Je ne suis pas tout à fait d'accord avec le ton de cette note. La transformation de l'adversaire en ennemi n'est pas un apanage des révolutionnaires. Mais plutôt une conséquence inéluctable du jeu démocratique. Comment convaincre les électeurs de ne pas voter pour le camp d'en face si celui-ci n'est pas présenté comme le Mal?
Il est amusant de voir l'UMP et le Ps qui mènent à deux trois choses près, la même politique, faire mine de s'étriper dans un débat public. Si vous pouviez voir une réunion d'une assemblée où les caméras ne sont pas là! Je vous jure que la courtoisie voire la connivence y est de mise.

Écrit par : Cadichon | 24/02/2007

tout à fait d'accord avec Cadichon c'est directement lié à la démocratie. Pire qu''un ennemi, l'adversaire de la démocratie c'est le Mal incarné . Tout est bon contre lui.
La particularité de la France, c'est que la gauche pour des raisons que j'ai du mal à discerner a réussi a kidnapper la démocratie à son profit. Dès lors l'adversaire politique de la gauche est exposé à toutes les ignominies parce que supposé anti-démocrate, donc voué au Mal.

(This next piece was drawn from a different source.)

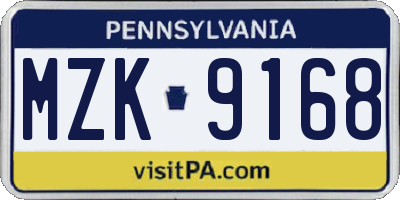 PA license plate MZK9168
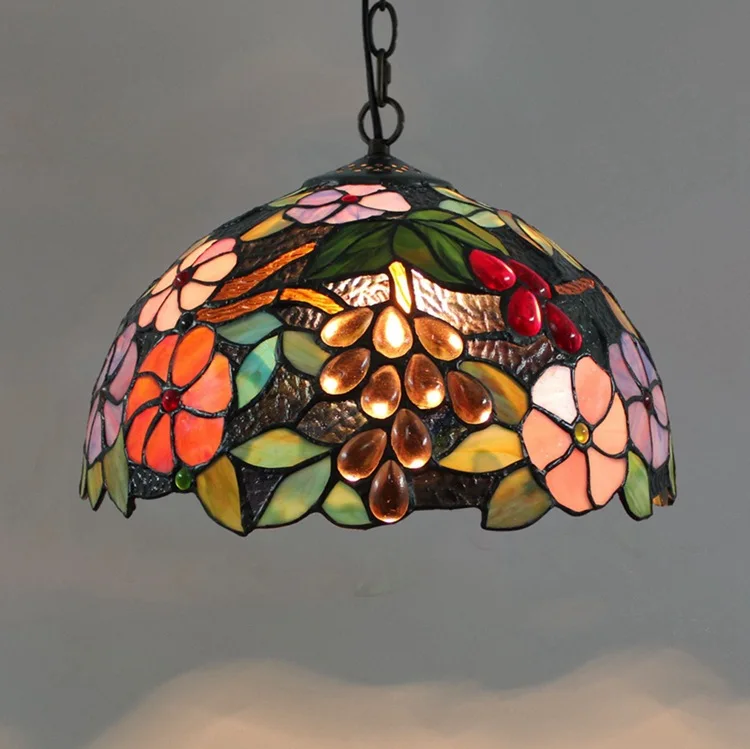 

12-Inch Retro Art Grape Flower Design LED Chandelier Tiffany Stained Glass Dining Room Bedroom Chandelier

Force est de constater qu'à droite la haine n'est pas présente à un même degré.

Écrit par : Paul-Emic | 24/02/2007

justement, cadichon, cette façon de présenter l'adversaire comme le mal me parait assez récente, au moins depuis la fin de l'europe des royautés, d'avant 1914, ou une certaine aristocratie dirigeait nos pays européens.
et il me semble qu'ailleurs , notamment dans les pays anglo saxons, l'adversaire politique ne soit pas pareillement diabolisé..
je vous rejoins sur le coté factice de cet affrontement entre deux partis qui se partagent le pouvoir et ses ors depuis belle lurette...les français doivent continuer à croire que "l'alternance PS/ UMP change quelque chose..
paul-émic, il s'agit simplement du terrorisme intellectuel que fait régner la gauche partout en Europe, l'équivalent de la lutte antifasciste du siècle passé. la gauche n'a pas confisqué la démocratie mais a vérrouillé le débat politique.

Écrit par : hoplite | 25/02/2007

Hoplite: les débats à la chambre des Communes sont d'une violence inouïe, bien pire qu'en France (il faut dire que l'enjeu est de taille car cette assemblée possède beaucoup plus de pouvoirs que notre asemblée nationale). L'usage veut que lorsque l'on interpelle un député on commence par "l'honorable" mais cela n'exclut pas les insultes: "L'honorable député X est une canaille." est une phrase usuelle.
Il faudrait que je m'y replonge mais les débats de la 3ème république ne me semblaient pas être mouchetés.
Sinon pour confirmer ma première note, regardez le début d'Arrêt sur images (disponible sur le site de France 5) hier, la conversation hors plateau entre le Garrec et Marine Le Pen saisie par une caméra indiscrète. Très courtoise. Et Schneidermann qui fait mine de ne pas comprendre que c'est habituel.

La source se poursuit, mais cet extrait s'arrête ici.